# Cleat Questions



## jbond007m3 (Jan 26, 2012)

Im not new to cycling im just new to not purchasing cleats at my LBS. My local LBS closed and i need new cleats. 
A little background story will help clarify my confusion.

First setup:
Shimano PD-R540 SPD-SL Shimano PD-R540 SPD-SL Road Pedals - Bike Pedals / Cleats
3 hole cleats, not sure of type (thats the problem)
Worked fine

Second setup:
Look pp296, w/float adjust Look PP-296 Pedals Reviews
Same 3 hole cleats
Works fine

Gave the Wife the Shimano pedals


I need new cleats for the Look pp296 and she needs cleats for the Shimano PD-R540 SPD-SL

I believe i need Look Delta cleats for the Look pedals? Why do the same pedals from my old Shimano PD-R540 SPD-SL fit the Look pp296's, i thought they were two different systems? Also, since my pedals have float adjust i can get 0 float Look Delta cleats and adjust the float to desired setting on the pedals?

Are some Shimano pedals compatible with Look Delta cleats, or visa versa? Is that why my same cleats worked with both the Look and Shimano pedals? Or do i just think they work but they are really just "kinda" compatible?



So long story short:
What type of cleats do i need for each pedal?


----------



## mpre53 (Oct 25, 2011)

All Shimano SPD-SL pedals, from 540 to Dura Ace, use the same cleats. Yellow tabs for 6 degrees of float, pink tabs for 0 float. I started with float, and now use 0 float.

I've never used any other pedal system---can't help you with Look.
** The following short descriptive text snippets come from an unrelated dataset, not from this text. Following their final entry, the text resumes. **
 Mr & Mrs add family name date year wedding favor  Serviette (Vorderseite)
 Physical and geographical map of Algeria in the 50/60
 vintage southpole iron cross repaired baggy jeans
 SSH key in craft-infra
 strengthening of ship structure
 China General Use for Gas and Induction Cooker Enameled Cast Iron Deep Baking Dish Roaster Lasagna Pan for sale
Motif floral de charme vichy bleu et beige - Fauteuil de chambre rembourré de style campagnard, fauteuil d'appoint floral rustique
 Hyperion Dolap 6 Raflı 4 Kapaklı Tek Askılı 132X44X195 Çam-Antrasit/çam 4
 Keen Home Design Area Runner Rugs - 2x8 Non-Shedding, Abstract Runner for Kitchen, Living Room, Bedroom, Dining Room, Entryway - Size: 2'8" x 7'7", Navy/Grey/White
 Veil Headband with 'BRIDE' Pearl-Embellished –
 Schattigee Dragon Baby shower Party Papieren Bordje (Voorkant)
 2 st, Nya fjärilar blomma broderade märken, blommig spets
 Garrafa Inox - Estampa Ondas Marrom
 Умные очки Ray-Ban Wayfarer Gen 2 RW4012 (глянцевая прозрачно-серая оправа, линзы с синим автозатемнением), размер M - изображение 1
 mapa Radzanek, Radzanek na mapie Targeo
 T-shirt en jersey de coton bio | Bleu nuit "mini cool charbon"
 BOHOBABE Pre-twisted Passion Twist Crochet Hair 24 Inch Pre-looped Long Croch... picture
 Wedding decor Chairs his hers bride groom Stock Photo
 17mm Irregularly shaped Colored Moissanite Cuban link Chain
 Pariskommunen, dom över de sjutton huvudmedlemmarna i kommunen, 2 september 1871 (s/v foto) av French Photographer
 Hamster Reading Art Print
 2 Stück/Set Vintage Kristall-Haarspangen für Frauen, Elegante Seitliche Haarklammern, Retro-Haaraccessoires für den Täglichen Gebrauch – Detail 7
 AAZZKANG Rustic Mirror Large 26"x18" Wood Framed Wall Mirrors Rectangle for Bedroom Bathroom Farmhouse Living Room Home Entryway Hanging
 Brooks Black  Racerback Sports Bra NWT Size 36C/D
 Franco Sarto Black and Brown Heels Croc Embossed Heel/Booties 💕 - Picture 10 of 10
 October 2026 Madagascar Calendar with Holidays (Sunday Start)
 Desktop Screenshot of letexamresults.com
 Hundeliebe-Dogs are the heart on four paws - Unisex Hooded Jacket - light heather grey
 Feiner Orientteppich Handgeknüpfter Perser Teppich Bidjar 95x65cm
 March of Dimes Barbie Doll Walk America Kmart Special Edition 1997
I like the relative walkability of SPD-SL, and I'm from the if it ain't broke don't fix it school.


----------



## PJ352 (Dec 5, 2007)

I'm not understanding all of your post, but suffice to say the older (and by that I mean early '90's) Shimano road pedals were LOOK compatible, but no more. 

Your wife's Shimano's need Shimano SPD-SL cleats (yellow have 6 degree float, black are fixed)
Shimano SPD-SL Cleat Set: Amazon.com: Sports & Outdoors

You need LOOK Delta's. Go to the link below and under description you'll find some useful specs. Because your pedals have adjustable free ARC float, I believe you can only use the reds w/ adjustable float at the pedal. 
Look Delta Road Cleats at REI.com


----------



## jbond007m3 (Jan 26, 2012)

Thats exactly why i am confused. My SPD yellows fit in my Look pedals. Has anyone else noticed this?


----------



## JasonLopez (Aug 19, 2012)

jbond007m3 said:


> Thats exactly why i am confused. My SPD yellows fit in my Look pedals. Has anyone else noticed this?


Yes. In fact when I noticed this I ran them on my classic Look's on my MTB for months. I actually developed a knee problem because of how they are "loose" and move around but will stay clipped in and solid. Also don't use the same cleat on both pedal systems, the difference in wear causes your cleats to suddenly break out under serious power. Very dangerous.

It's funny I read this, I thought I was the only one who has ever done this. Had a good laugh.


----------